■ Data listing ■
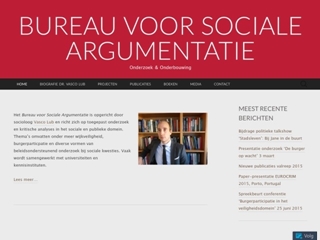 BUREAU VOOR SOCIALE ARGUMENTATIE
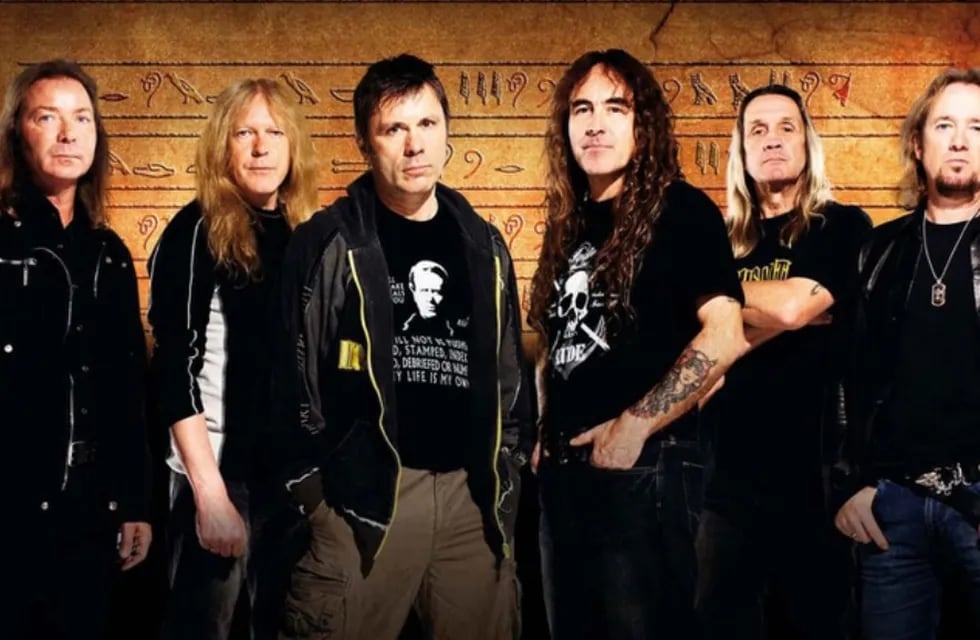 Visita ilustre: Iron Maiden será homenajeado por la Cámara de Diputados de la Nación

--

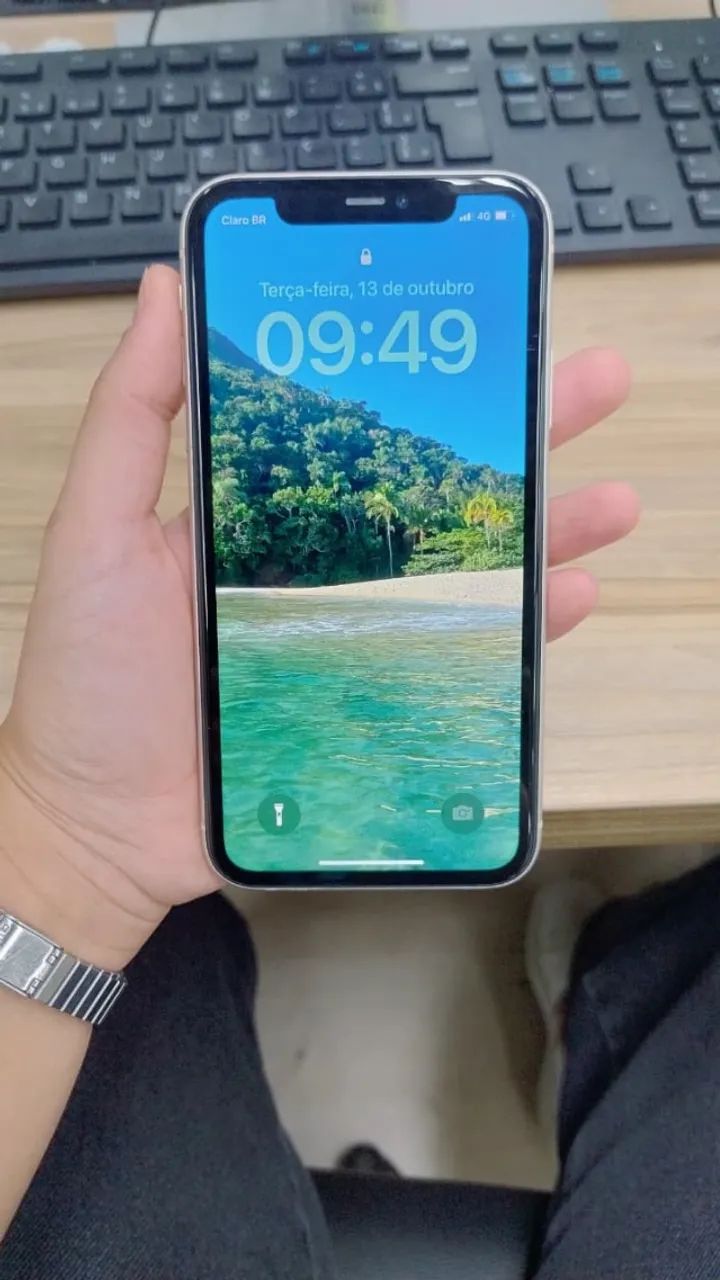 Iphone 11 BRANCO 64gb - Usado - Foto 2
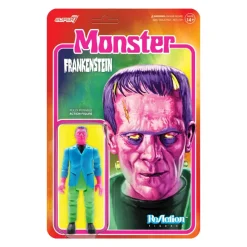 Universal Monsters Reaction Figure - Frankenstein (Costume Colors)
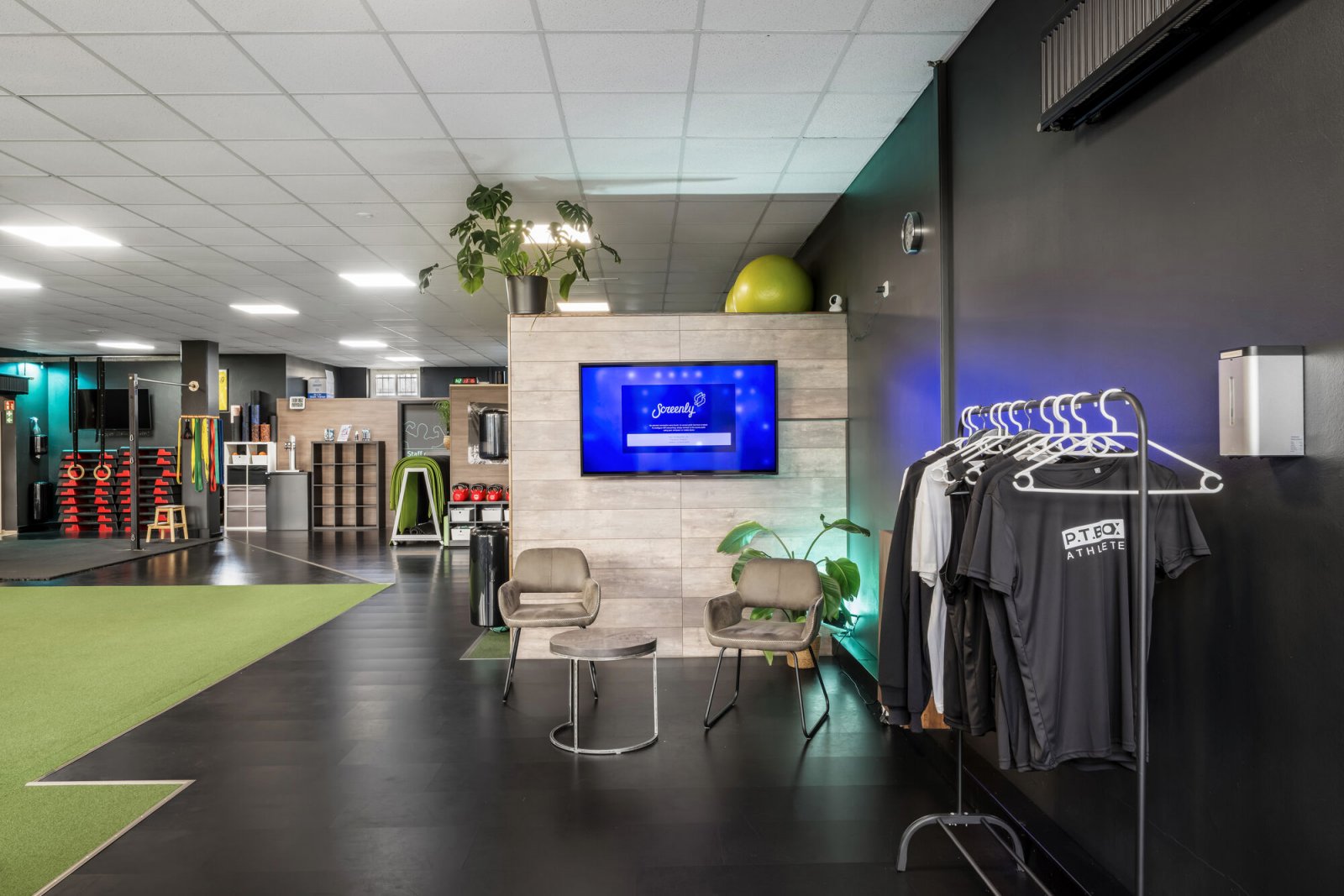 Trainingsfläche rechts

---

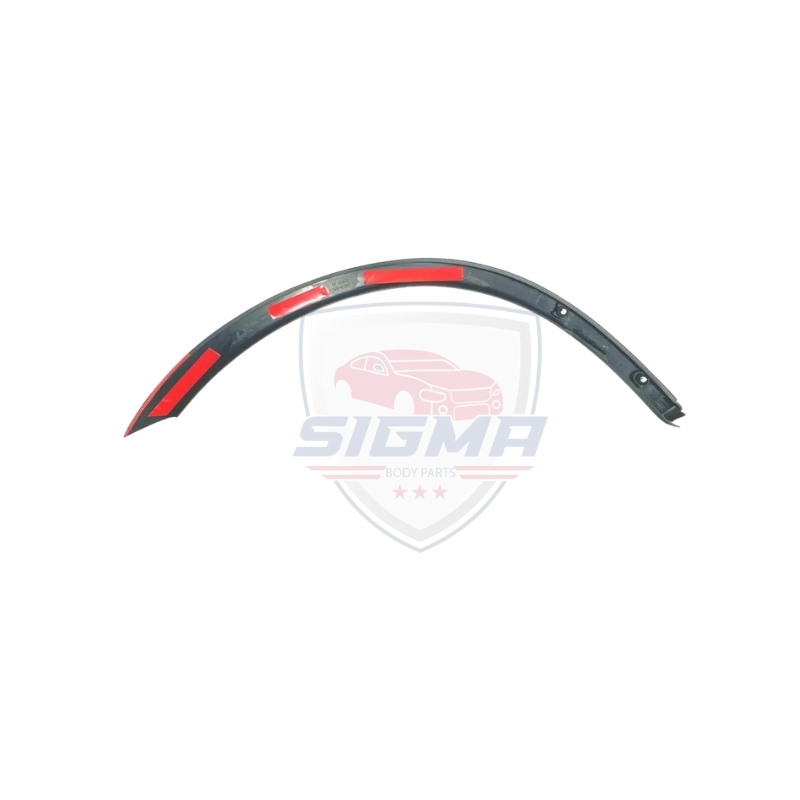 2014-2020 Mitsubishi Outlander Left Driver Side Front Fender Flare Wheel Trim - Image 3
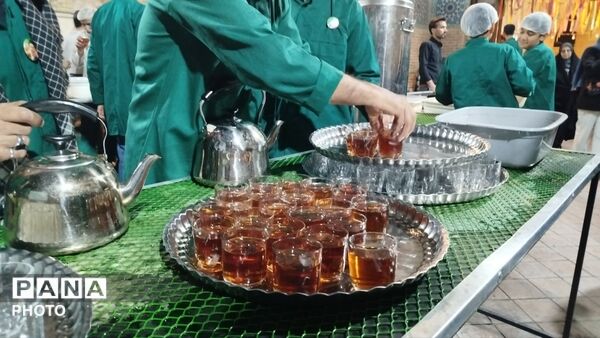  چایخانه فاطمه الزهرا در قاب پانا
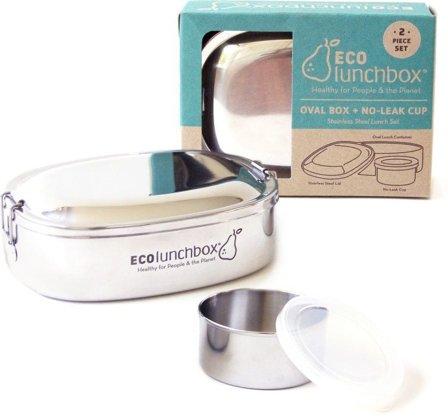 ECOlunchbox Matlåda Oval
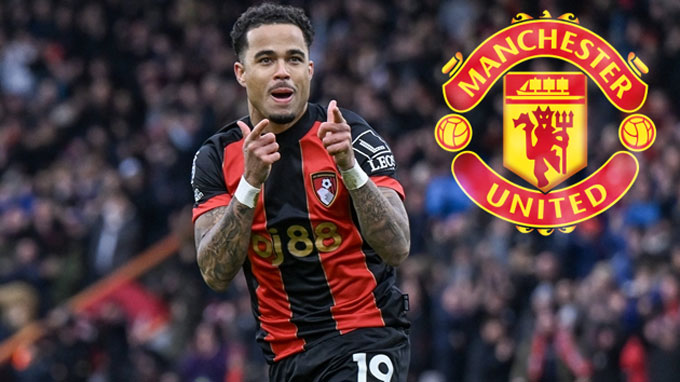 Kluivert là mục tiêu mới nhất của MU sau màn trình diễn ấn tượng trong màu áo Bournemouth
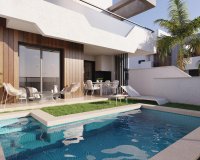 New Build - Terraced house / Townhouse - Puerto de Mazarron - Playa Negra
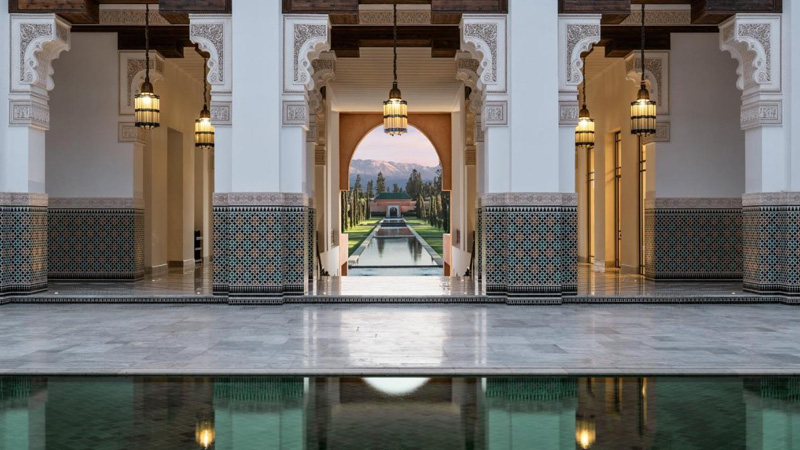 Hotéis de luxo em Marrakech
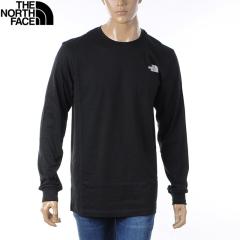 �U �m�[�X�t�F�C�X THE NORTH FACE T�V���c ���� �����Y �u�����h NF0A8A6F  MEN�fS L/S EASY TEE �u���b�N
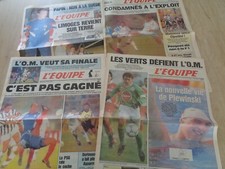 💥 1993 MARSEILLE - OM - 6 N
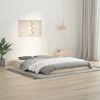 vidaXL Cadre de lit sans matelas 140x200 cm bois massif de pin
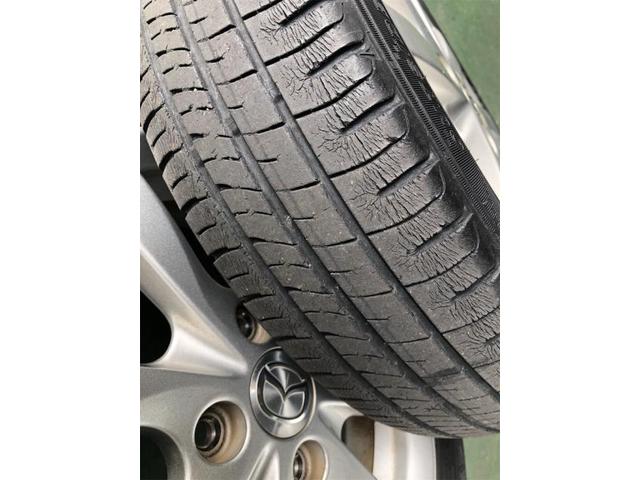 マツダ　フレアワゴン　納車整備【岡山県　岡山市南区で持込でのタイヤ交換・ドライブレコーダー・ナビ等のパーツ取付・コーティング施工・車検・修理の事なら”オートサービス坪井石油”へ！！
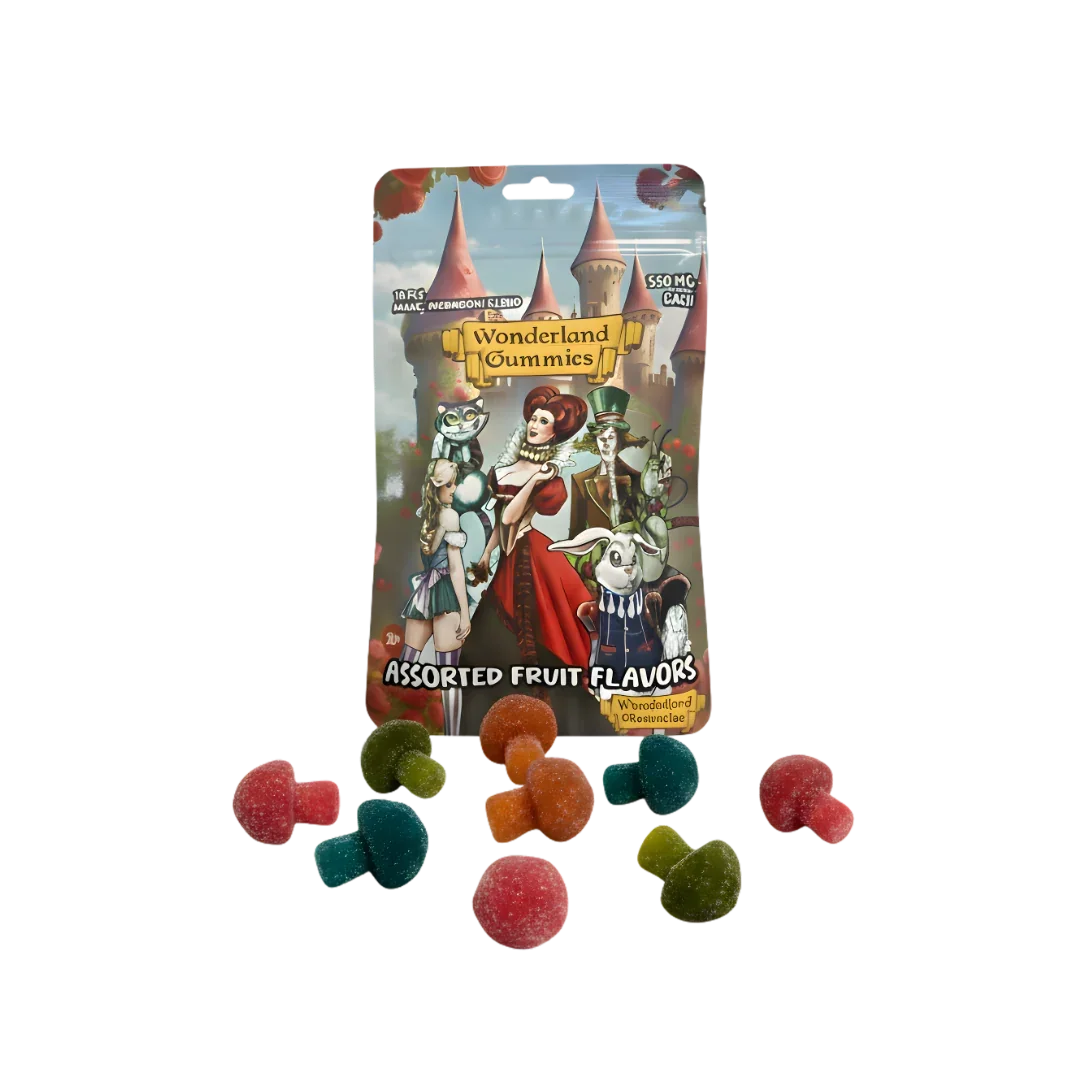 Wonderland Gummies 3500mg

■ Prompt ■
Give back exactly, and solely, the section of the data above bounded by the line containing "EASY TEE �u���b�N" and the line containing "Wonderland Gummies 3500mg", both bounding lines included and pictures omitted.

■ Task answer ■
 �U �m�[�X�t�F�C�X THE NORTH FACE T�V���c ���� �����Y �u�����h NF0A8A6F  MEN�fS L/S EASY TEE �u���b�N
 💥 1993 MARSEILLE - OM - 6 N
 vidaXL Cadre de lit sans matelas 140x200 cm bois massif de pin
 マツダ　フレアワゴン　納車整備【岡山県　岡山市南区で持込でのタイヤ交換・ドライブレコーダー・ナビ等のパーツ取付・コーティング施工・車検・修理の事なら”オートサービス坪井石油”へ！！
 Wonderland Gummies 3500mg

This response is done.